Large Primes and Mersenne Primes

In the last two months, two new Mersenne Primes have been discovered. Mersenne Primes are prime numbers that are 1 less than a power of 2. So for example, 7 is a Mersenne prime. These two new primes 2^43,112,609-1 and 2^37,156,667-1 are the 45^th and 46^th Mersenne primes known and are the two largest primes known. Their discovery has made it into the popular press and has prompted multiple people to ask me what the big deal is and why mathematicians care about big primes anyways. This blog entry will be the first of three entries in which I will attempt to discuss these issues.

First, note that there are infinitely many prime numbers. This has been known since the ancient Greeks. An elegant proof is given by Euclid which I sketch out here: Assume I have a finite list of primes, p₁, p₂, p₃….p_n .If I take their product and add 1 I get p₁p₂p₃….p_n +1 and this number is clearly not divisible by any of the primes on my list. If this number is prime then I have a new prime that was not on my list. If this number is not prime then its smallest divisor that is not 1 must be a prime not on this list. Thus, for any finite list of primes I can always construct a new prime not on the list. There is a common misconception that if one takes , p₁, p₂, p₃….p_n to be the first n primes then it p₁p₂p₃….p_n +1 must itself be a prime. The smallest one where it does not lead to a prime is 2*3*5*7*11*13+1=59*509.

Unlike with generic primes, no one knows if there are infinitely many Mersenne primes. It is strongly believed that there are infinitely many but there is no proof as of yet. Mersenne primes are independently interesting for a variety of reasons. First, there is the issue of whether or not there are infinitely many. Second, Mersenne primes correspond to even perfect numbers. A number is said to be perfect if you add up all the positive divisors less than the number and end up with the number. So for example 6=1+2+3 so 6 is perfect. Euclid showed that for every Mersenne prime you could construct an even perfect number from it. Euler showed that the only even perfect numbers are those from Euclid's construction. Thus, information about Mersenne primes is information about perfect numbers, and discovering a new Mersenne prime leads to a new perfect number. I will discuss this in more detail in my next blog entry on this subject.

Third, Mersenne primes are interesting because there are tricks to test whether a number of the form 2^n-1 is prime that make it much easier to check whether such numbers are prime than a generic number. Thus, for most of the last 100 years the largest primes known have been Mersenne primes.

Now, why do we care about finding large primes? One simple reason is for the same reason that scientists might try to construct larger and larger atoms or might look for new species; because they are there, learning is fun, and you don't know what you might find.

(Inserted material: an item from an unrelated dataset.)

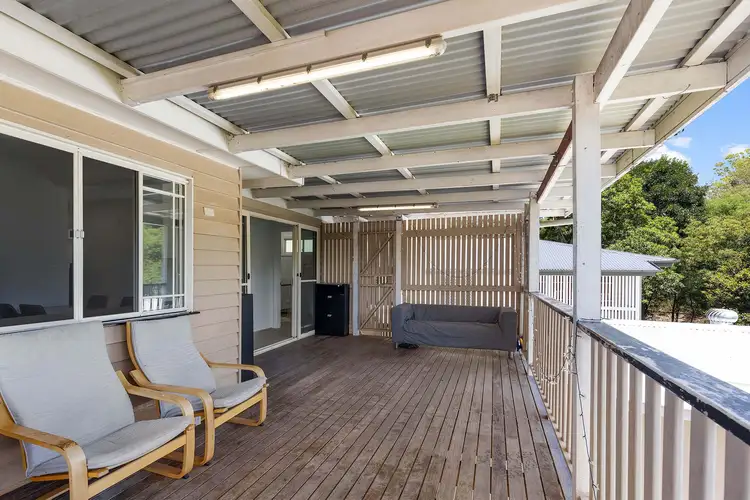Third view of Homely house listing, 45 Boundary Road, Indooroopilly QLD 4068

Also, in a more general setting primes (although generally primes much smaller than Mersenne primes) are useful for cryptography which are used in many modern software applications. Many readers have likely used those cryptographic protocols without even realizing it when you've logged onto to secure websites and such.

Modern browsers handle the procedures for you automatically. So the ability to find large primes and related procedures (such as theability to factor large numbers quickly) are very relevant to the functioning of the modern economy as well as to various national security issues. I will discuss this cryptographic use of large primes in the third blog entry in this series.